The public policy forum took a look at teachers in Milwaukee, Waukesha, Ozaukee, and Washington Counties. The lead researcher says it's hard to prove Act 10 caused these changes but he adds the changes are significant.

"We found a number of interesting things," said Joe Yeado, senior researcher, Public Policy Forum.

Joe Yeado is the report's lead researcher. Across Milwaukee Metro, that report finds at the end of the 2013-14 school year, there were 700 fewer public school teachers than there were at the end of the 2009-10 year -- the last before passage of Act 10 which effectively ended collective bargaining for teachers unions.

Number of Milwaukee area teachers

Number of Milwaukee area teachers

"We looked at pre and post-Act 10 and what we saw was there was a decline in overall teachers, there was a decline in teachers in their 50's and 60's," said Yeado.

The biggest drop-off is in Milwaukee; MPS actually lost 730 teachers. Superintendent Darienne Driver remains optimistic.

"When you look at 700 versus the larger number, the majority of our workforce are veterans that are able to wrap their arms around new teachers and make sure they're successful," said Driver.

Another key finding is that while 44% of students across Milwaukee Metro are minorities, about 11% of the area's teachers are of color.

Racial make-up of Milwaukee area teachers

Racial make-up of Milwaukee area teachers

"The number of minority teachers actually declined over time while the number of minority students enrolled increased in every district except one," said Yeado.

The vice president of Milwaukee's teachers union wants more funding for districts and teacher development programs.

"This notion that we don't have money to prioritize and fund excellent public education for every child in this city and in this state? It's untrue," said Amy Mizialko, Vice President of Milwaukee Teachers Education Association, or MTEA.

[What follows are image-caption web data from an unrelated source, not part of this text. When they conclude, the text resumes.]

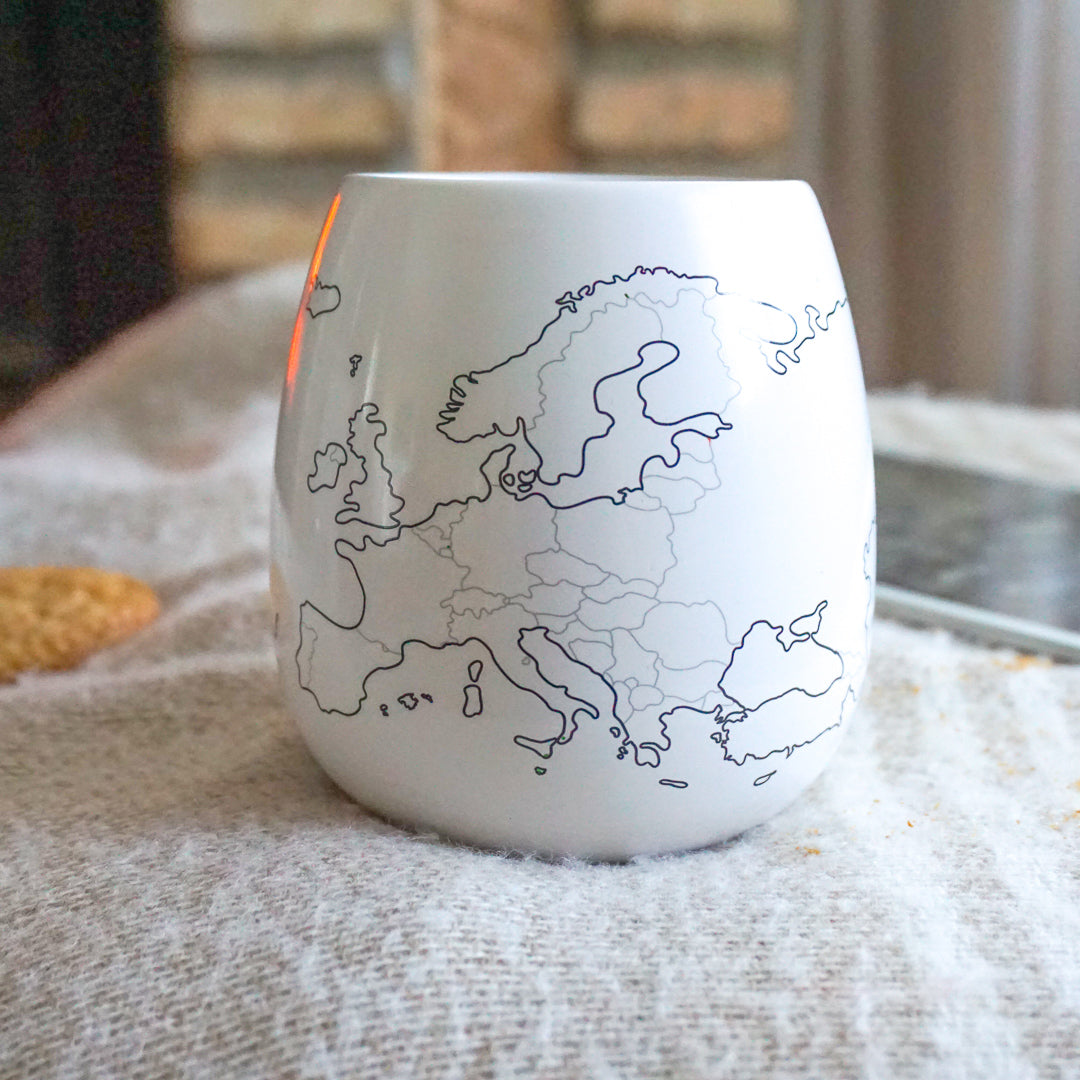 Uncoloured Europe map mug in cosy home setting to plan future European trips, bucket list mug
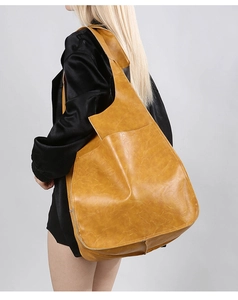 Detail of soft mustard yellow leather hobo bag with wide shoulder strap shown on model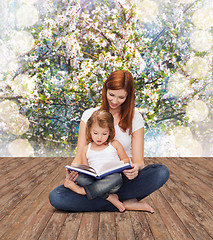 Image showing happy mother with adorable little girl and book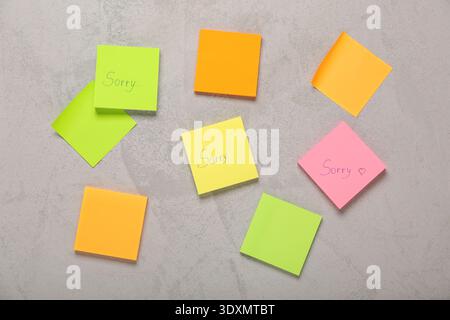 Sticky notes with word SORRY on grunge background Stock Photo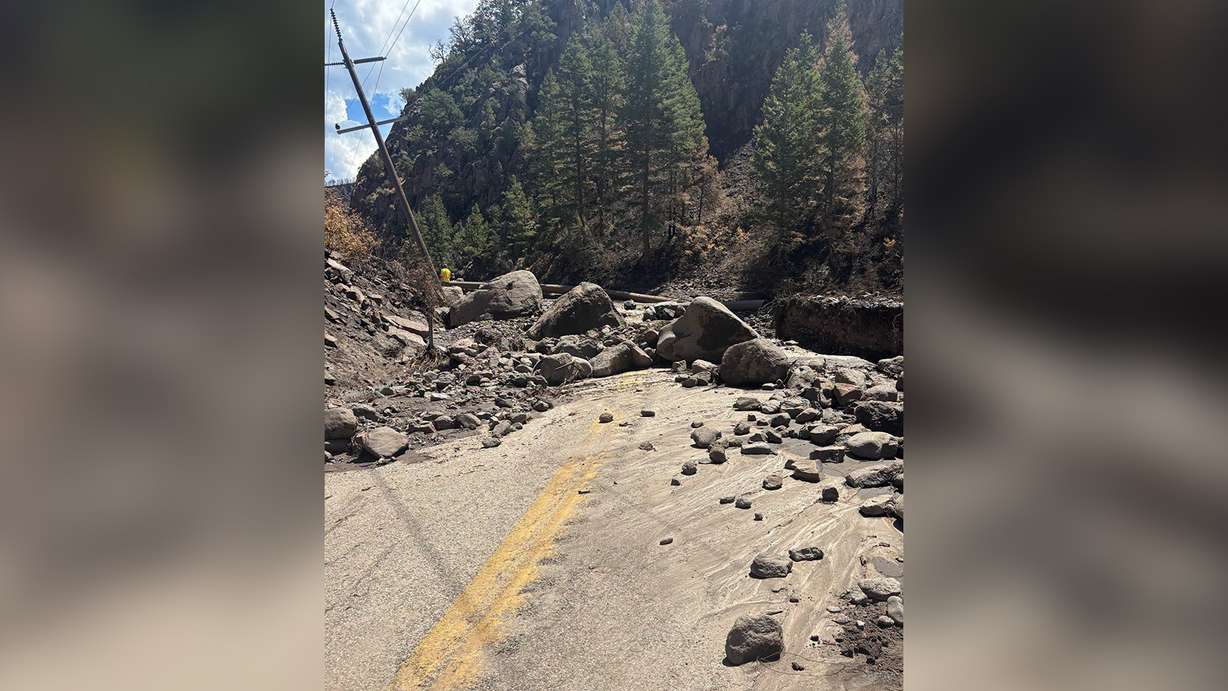 Boulders and mud cover a section of state Route 153 in Beaver Canyon. Utah Department of Transportation officials said Tuesday that the canyon route is closed indefinitely because of flood damage. (Photo: Utah Department of Transportation)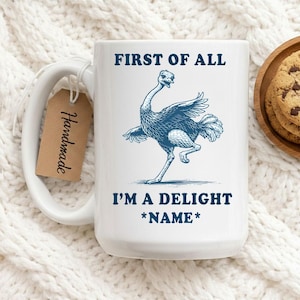 Può includere: Tazza in ceramica bianca con un manico grande, con un'illustrazione blu di uno struzzo e il testo "FIRST OF ALL I'M A DELIGHT *NAME*". Una piccola etichetta marrone con la scritta "Handmade" è attaccata al manico.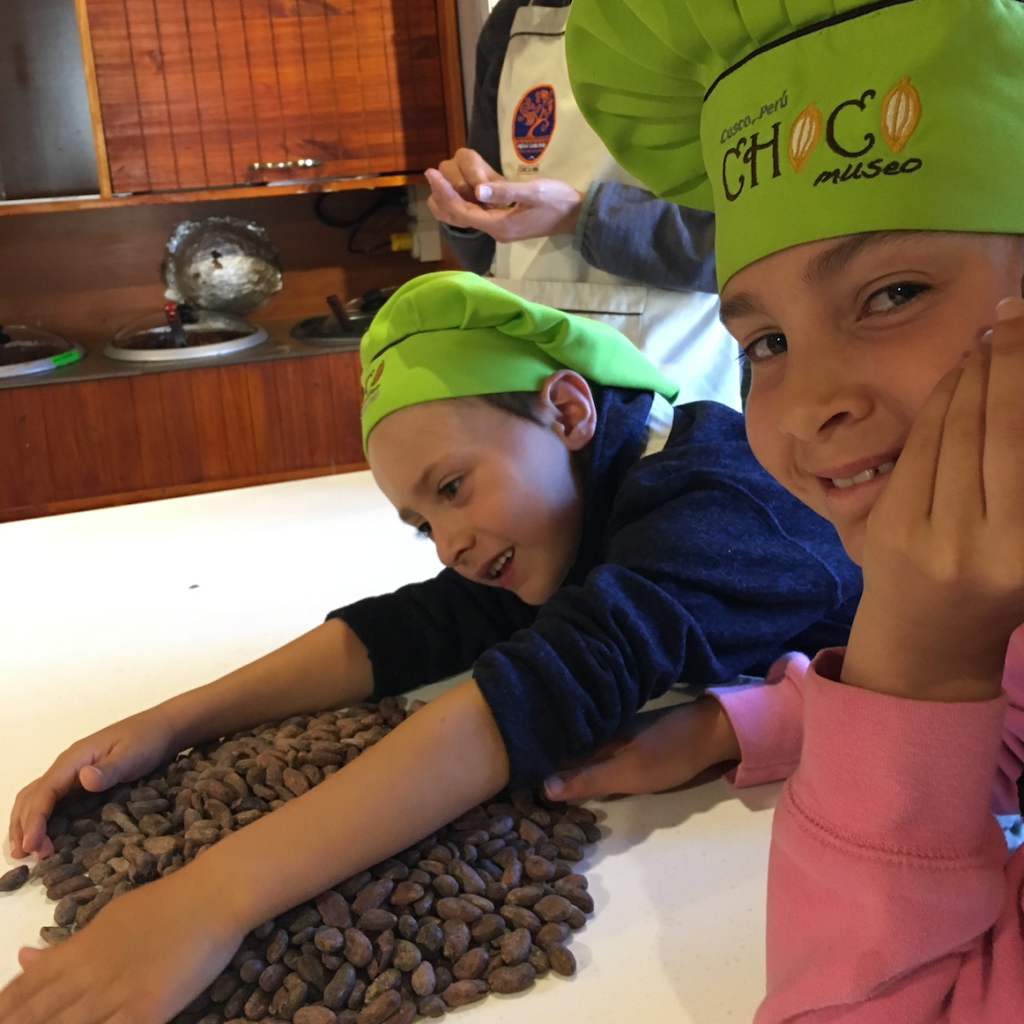 Teuko.com the Lunchbox Community. Teuko Kids play with dried cocoa beans at the ChocoMuseo in Cusco.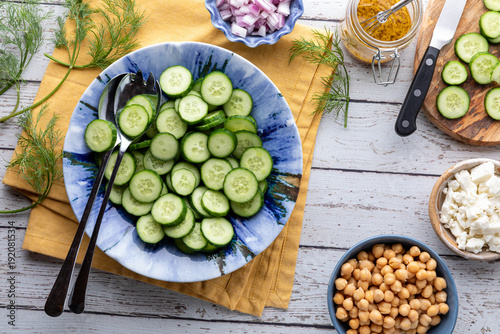 A bowl of sliced mini cucumbers with ingredients around for making a salad. 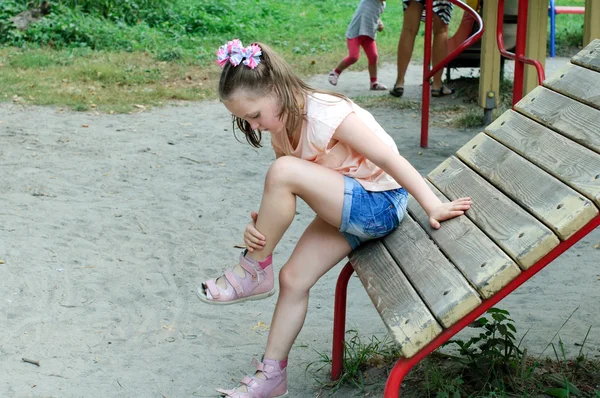 Pequeña niña mira su moretón —  Fotos de Stock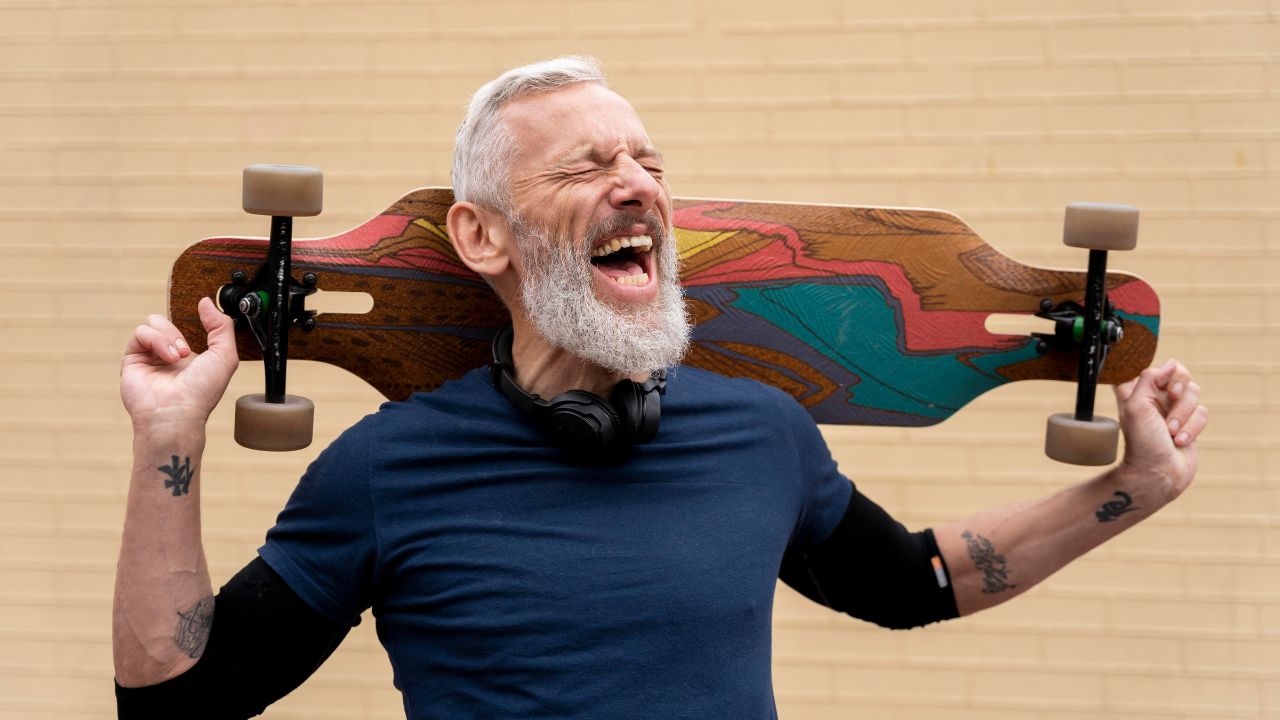 A grandpa with a big beard, laughing joyfully while holding a skateboard over his shoulder. Classic Dad Jokes That Never Get Old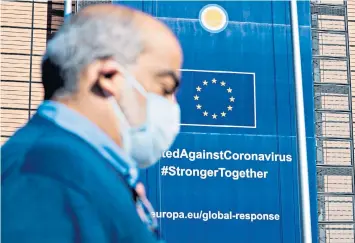  ??  ?? A man wearing a protective mask walks by the European Commission building in Brussels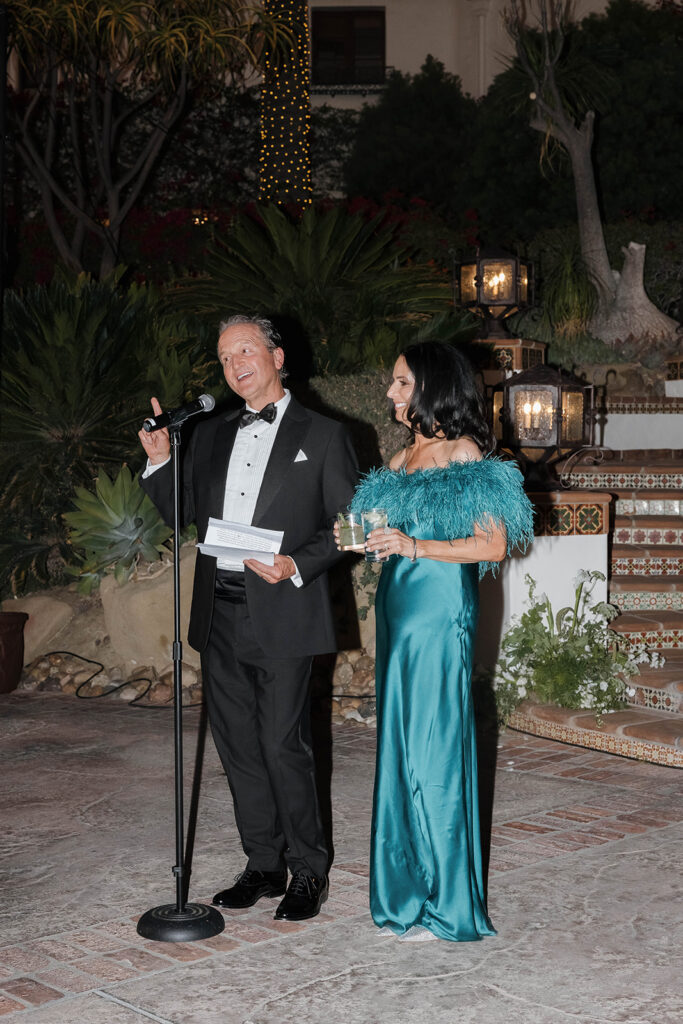 parents giving a speech at the reception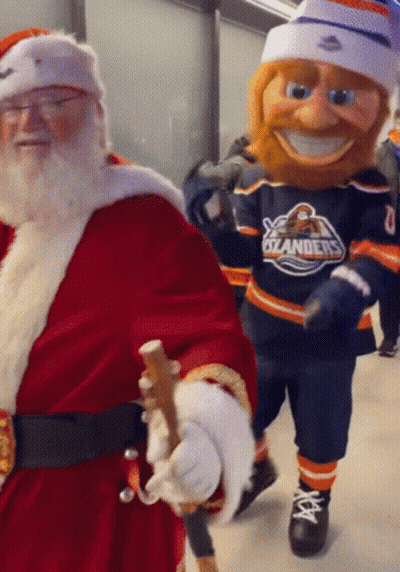 Santa Claus Walking Next To Oilers Mascot GIF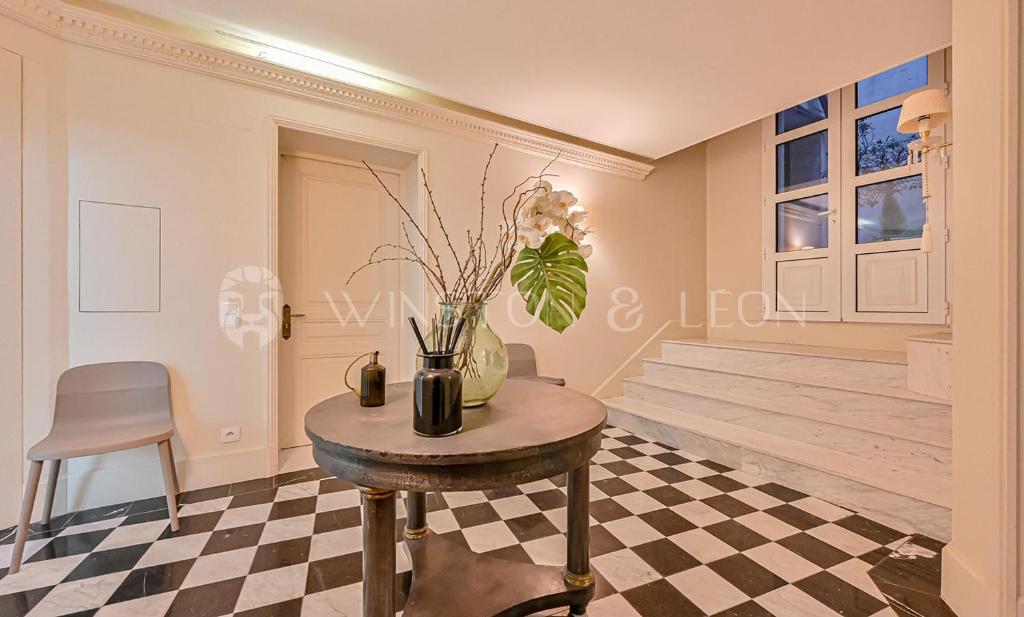 une chambre avec une table et un vase avec des fleurs dans l'établissement Appartement Tour Eiffel Invalides 7e G, à Paris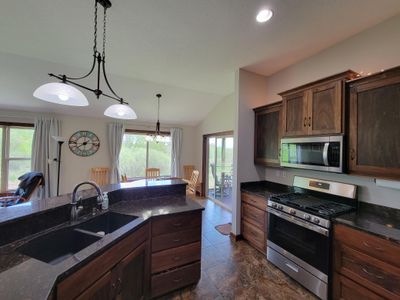 Kitchen island and stainless steel appliances | Image 3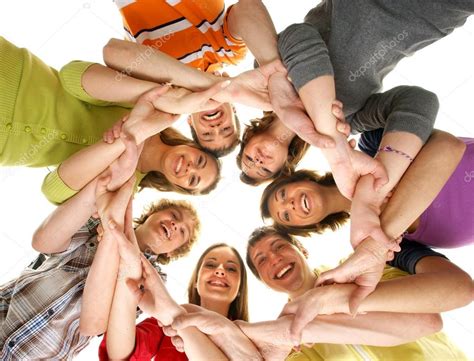 Group Of Smiling Teenagers Staying Together And Looking At Camera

The public policy forum is working on two additional reports. One will take a similar look at the make-up of district administrators -- the other will focus on the education pipeline to see if there's a drop-off in the amount of people studying to become a teacher.

3 comments

  • Todd sauve

    Okay, fewer teachers. Has the number of enrolled students also dropped?
    Diversity of teachers cannot be related to diversity of students. What percentage of the available “diverse” teaching market want to work in the Milwaukee area? If there is a low percentage of diverse teachers in the workforce, it’s unrealistic to expect their percentage in the Milwaukee area to be very high.

  • that's bull

    I can see,why the REASON for fewer teachers the kids are misbehaved most of them don’t want to learn and it became dangerous in Milwaukee

  • tk421

    It does not matter what race a teacher is, please do not make this about race, A good teacher is a good teacher. Teachers got out for various reasons, ACT 10 was one of them, but not the only reason. Teaching is still one of the only professions where you can retire at 55, and then get a job right back in the district…and double dip. This happens a lot in private schools. Public school teacher retires, goes to work for the private school. The other reason there are younger teachers is because schools need to now be accountable for their spending more than ever before, so the first place to save money is to hire younger, inexperienced teachers.